Principal
Component Null Space Analysis (PCNSA) for Image, Video (or any large
dimensional pattern) Classification
We present a new classification algorithm, Principal Component Null Space Analysis (PCNSA), which is designed for classification problems like object recognition where different classes have unequal and non-white noise covariance matrices. PCNSA first obtains a principal components’ subspace (PCA space) for the entire data. In this PCA space, it finds for each class ‘i’, an M_i dimensional subspace along which the class’s intra-class variance is the smallest. We call this subspace an Approximate Null Space (ANS) since the lowest variance is usually “much smaller” than the highest. A query is classified into class ‘i’ if its distance from the class’s mean in the class’s ANS is a minimum.

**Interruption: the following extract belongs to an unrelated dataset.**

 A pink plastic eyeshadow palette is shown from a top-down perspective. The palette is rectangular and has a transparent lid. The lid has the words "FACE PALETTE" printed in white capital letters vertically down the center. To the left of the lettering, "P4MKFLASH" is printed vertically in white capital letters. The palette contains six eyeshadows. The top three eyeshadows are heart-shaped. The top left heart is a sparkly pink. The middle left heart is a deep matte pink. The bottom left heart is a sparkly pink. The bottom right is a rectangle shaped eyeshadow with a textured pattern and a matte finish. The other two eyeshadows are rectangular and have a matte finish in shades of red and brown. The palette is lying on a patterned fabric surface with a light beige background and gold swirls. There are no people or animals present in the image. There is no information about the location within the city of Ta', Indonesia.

We derive upper bounds on classification error probability of PCNSA and use these expressions to compare classification performance of PCNSA with that of Subspace Linear Discriminant Analysis (SLDA). We propose a practical modification of PCNSA called progressive-PCNSA that also detects ‘new’ (untrained classes).

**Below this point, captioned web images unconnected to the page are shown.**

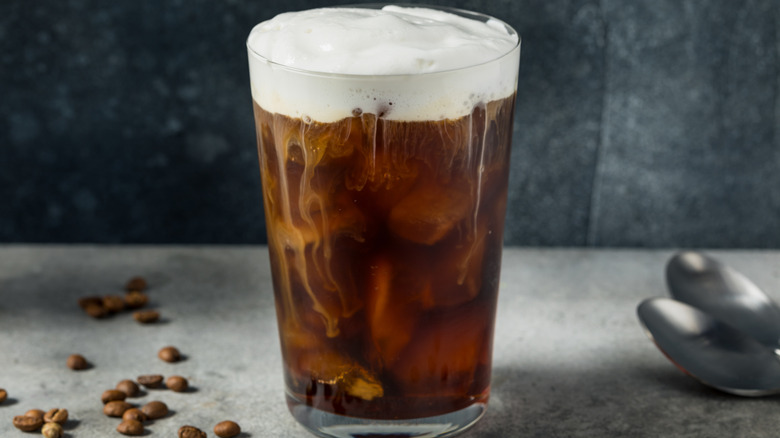 A glass cup of cold brew coffee with foam on top.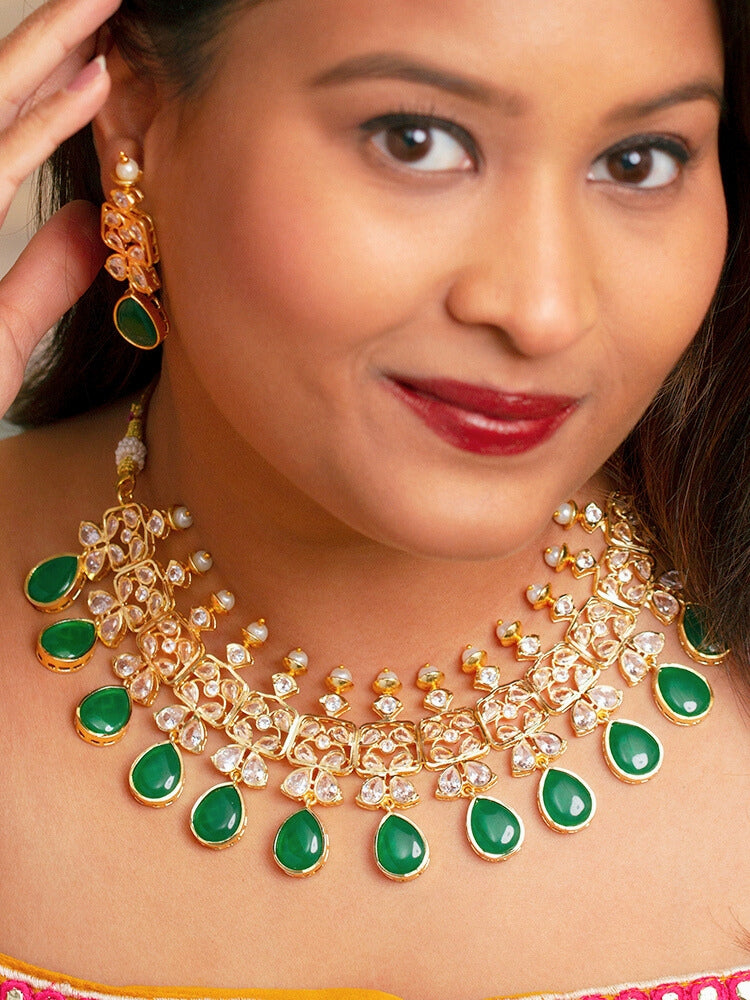 Close-up of a woman wearing an ornate traditional (Gold Polish) Dark Green Collar jewellery set and earrings with Diamond Polki, Monalisa Stone and Colored Stones. Wedding guest wearing a sparkling American diamond necklace with a saree. A graceful woman wearing a trending American diamond necklace for a 2026 wedding celebration.
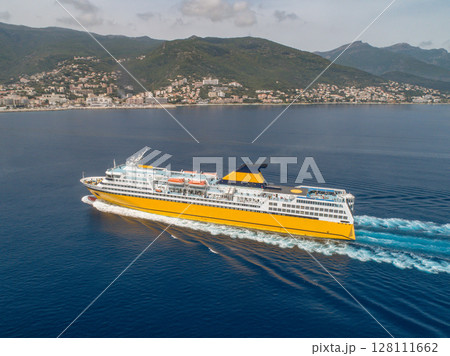 Big yellow passenger ferry goes on the Mediterranean Sea near Corsica island, France aerial view Cityscape Bastia port Big yellow passenger ferry goes on the Mediterranean Sea near Corsica island, France aerial view Cityscape Bastia port 128111662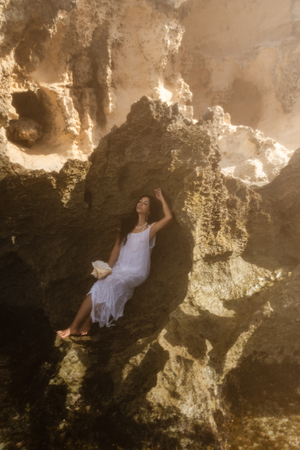 Figure in white dress posed artistically against textured cave walls in golden light.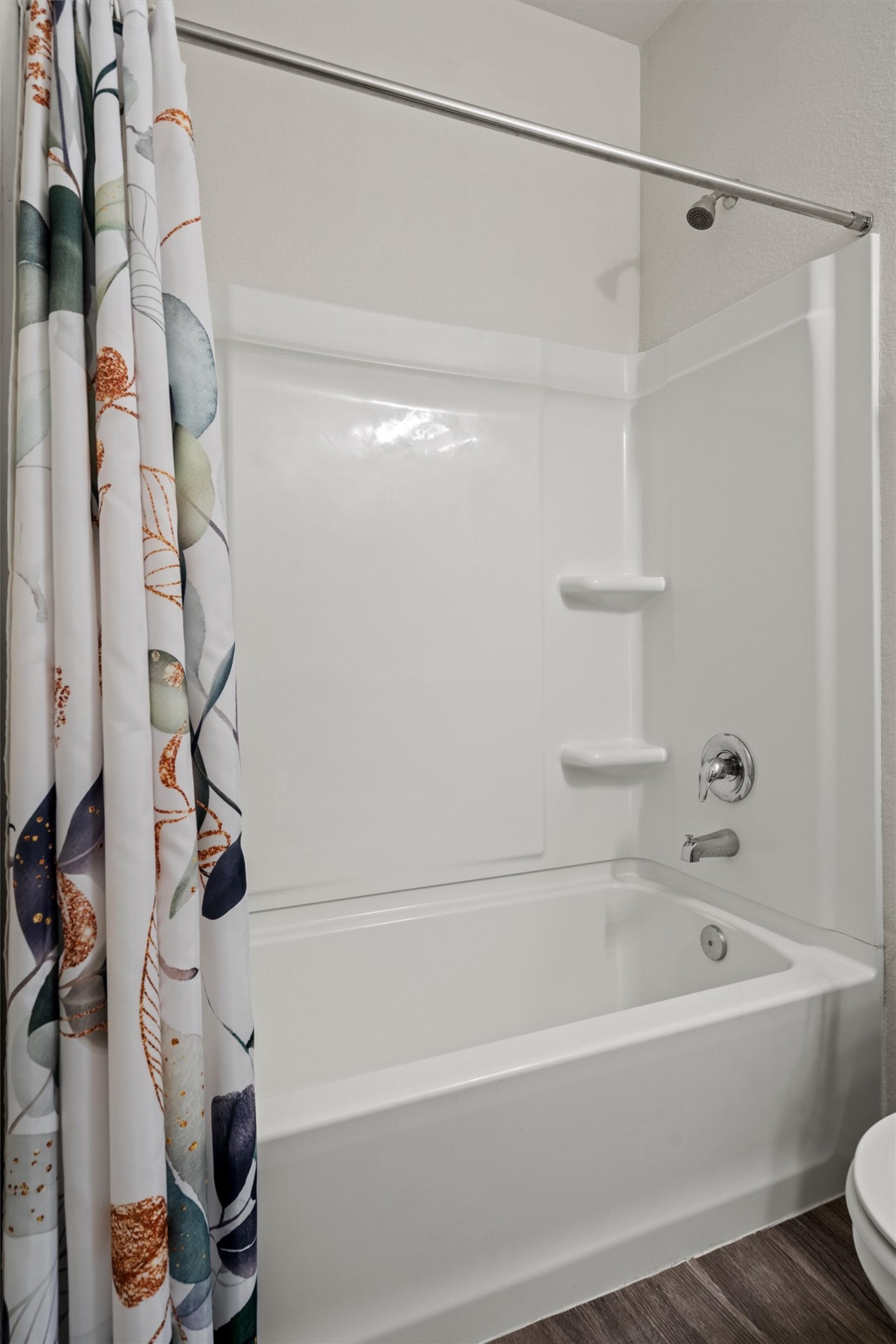 11816 Jackson Fls Way Manor, TX 78653 - Photo 19 of 40 a bathroom with a bathtub and a shower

We provide an experimental comparison of PCNSA and progressive-PCNSA with SLDA and PCA and also with other classification algorithms - linear SVMs, kernel PCA, kernel discriminant analysis and kernel SLDA, for object recognition and face recognition under large pose/expression variation. We also show application of PCNSA to two classification problems in video - an action retrieval problem and abnormal activity detection.